* [ACTIVITY]
The listing below must be repeated word for word, without its pictures.

* [DATASET]
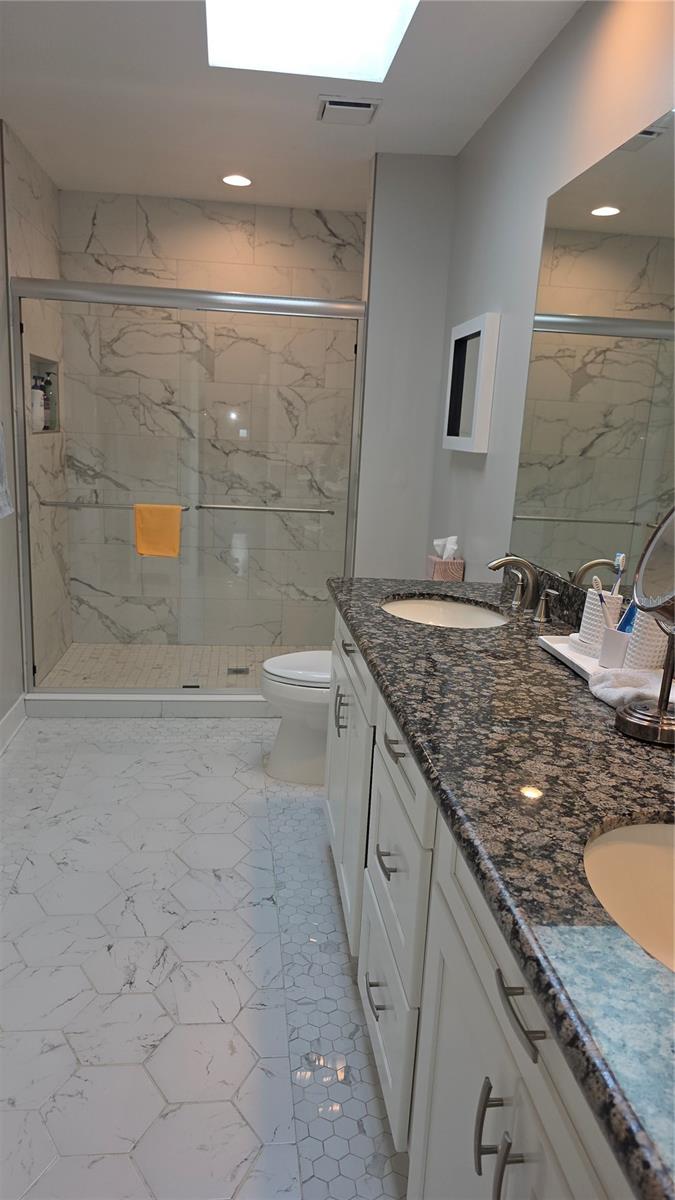 SUGAR MILL COUNTRY CLUB & ESTATES UNIT 03 - Residential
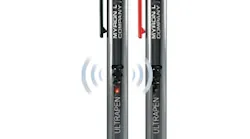 Myron L TR PTBTx Myron L TR PTBTx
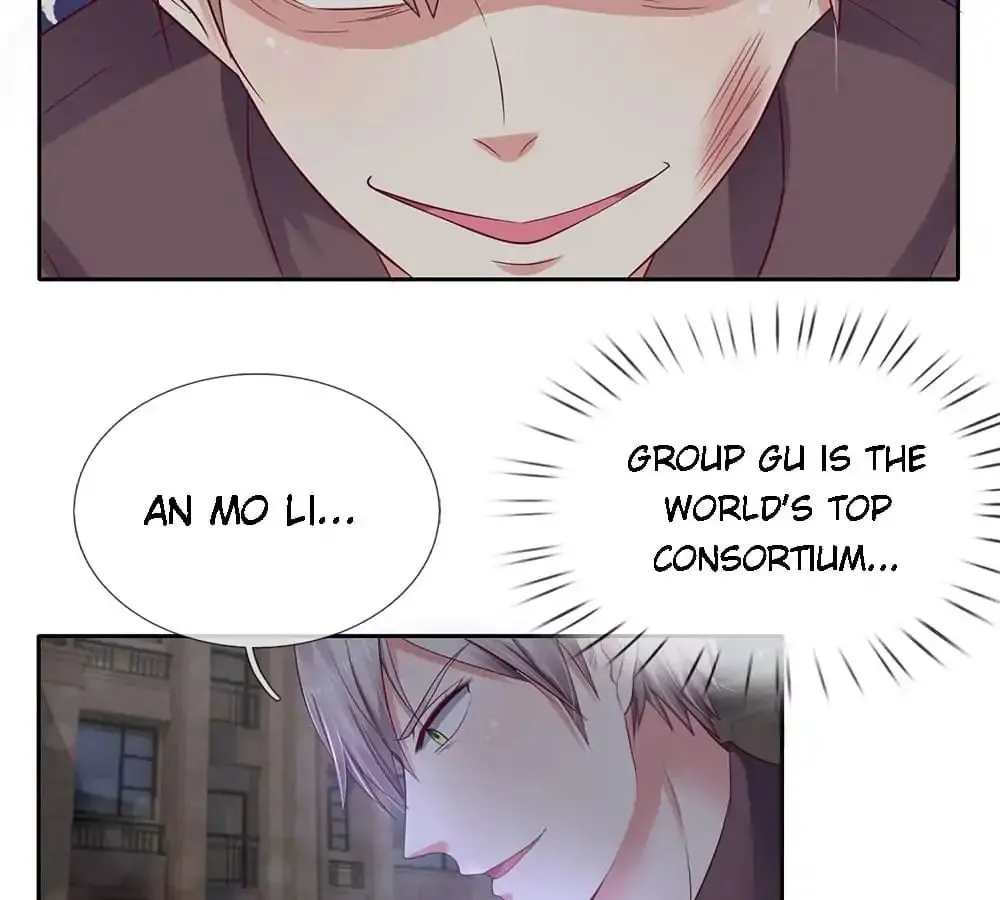 Read My Vampire CEO chapter 36 image 4 on Lezhin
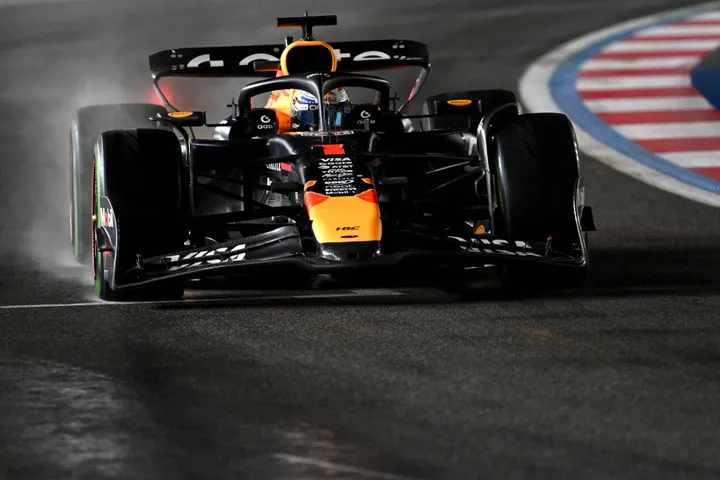 red-bull-racing-max-verstappen-gp-las-vegas-2025-zaterdag-5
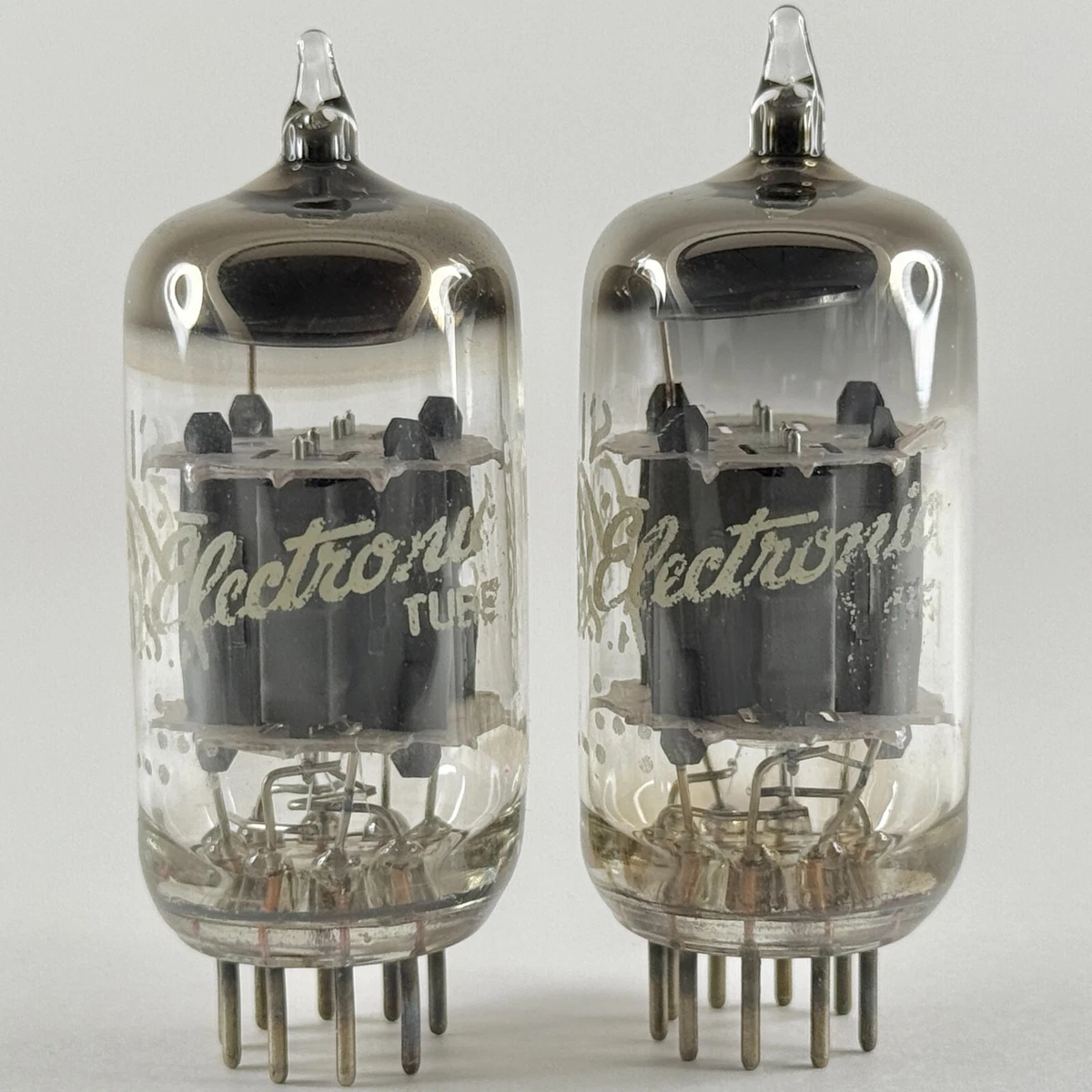 12ax7 Tubes Ge for sale | eBay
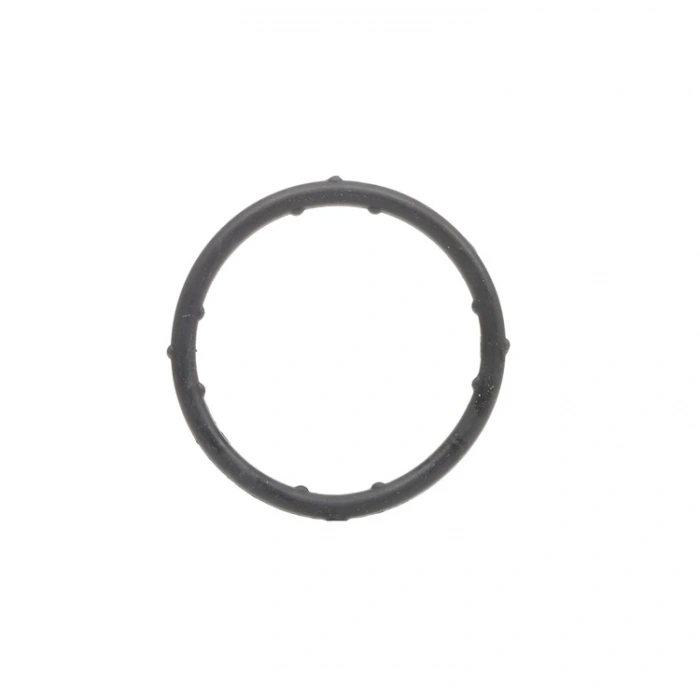 Conta Su Flanşı Polo / Passat / Lt35 97-05 (Oem No: 037121687)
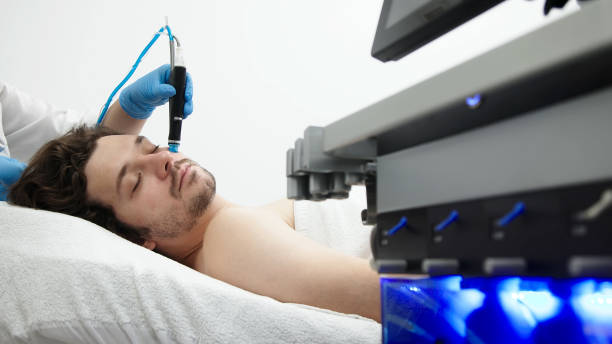 Best Emergency Treatment for Toothache in Delafield, WI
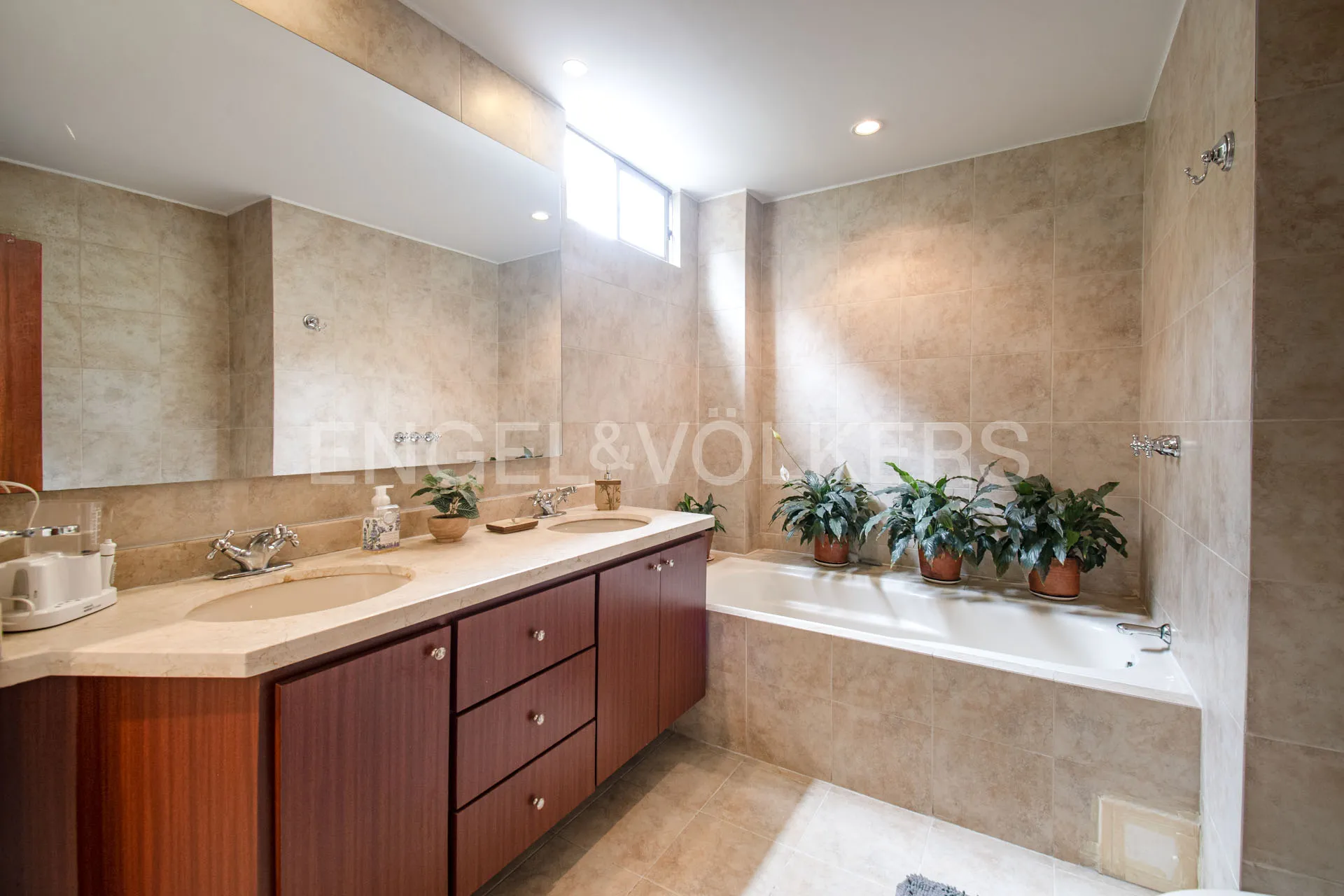 Apartamento en venta en Santa Barbara Alta, Bogotá · foto 12 de 20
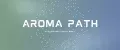 Aroma Path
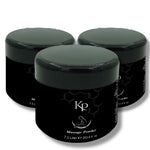 Kinky Pleasure - KPD002 - Massage Gel Powder - 7500ml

* [RESPONSE TO THE TASK]
 SUGAR MILL COUNTRY CLUB & ESTATES UNIT 03 - Residential
 Myron L TR PTBTx Myron L TR PTBTx
 Read My Vampire CEO chapter 36 image 4 on Lezhin
 red-bull-racing-max-verstappen-gp-las-vegas-2025-zaterdag-5
 12ax7 Tubes Ge for sale | eBay
 Conta Su Flanşı Polo / Passat / Lt35 97-05 (Oem No: 037121687)
 Best Emergency Treatment for Toothache in Delafield, WI
 Apartamento en venta en Santa Barbara Alta, Bogotá · foto 12 de 20
 Aroma Path
 Kinky Pleasure - KPD002 - Massage Gel Powder - 7500ml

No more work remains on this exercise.